府中市美術館の恒例企画である、春の江戸絵画まつり。今回は「へそまがり」がキーワードです。
狩野派や琳派などの「真っ当」な日本美術に対し、美しくも、立派でも、巧みでも無いにもかかわらず、なぜか心が惹かれてしまう感覚を「へそまがり」として捉え、それらの作品に正面から向き合っていく試みです。
出品作品は江戸時代の絵画を中心に洋画やマンガも含めて、前後期あわせて138点(前期・後期それぞれ約85点)。かなりの作品ボリュームで、見応えたっぷりです。
冒頭は禅画から。一般の人には分からない問答を「禅問答」というように、常識が通じない世界こそ、禅の境地。白隠や仙厓などの禅画は、描き方も型破りです。理解できない絵画の向こうに、別の世界を示しているようです。

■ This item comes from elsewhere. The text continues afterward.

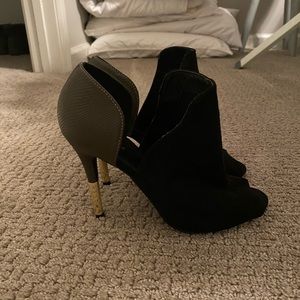Qupid Black Heels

「へそまがり」を理解しやすくするために、正統な絵と、へそまがりな絵の比較展示もあります。円山応挙と、文人画家・岡田米山人の《寿老人図》が並びますが、いかにも徳がありそうな応挙に比べて、米山人はスケベジジイのよう。対照的な、福徳の神様です。
「正統な美術を否定する」という点では、南画も該当します。職業画ではなく、エリート知識人=文人の教養として描かれた中国の南宗画に由来する、日本の南画。絵画の技法を求めない表現が好まれました。
文人階級が無い日本の南画は、職業画家が描いているので、「職業画ではないような絵を、職業画家が描く」というのも、かなり「へそまがり」です。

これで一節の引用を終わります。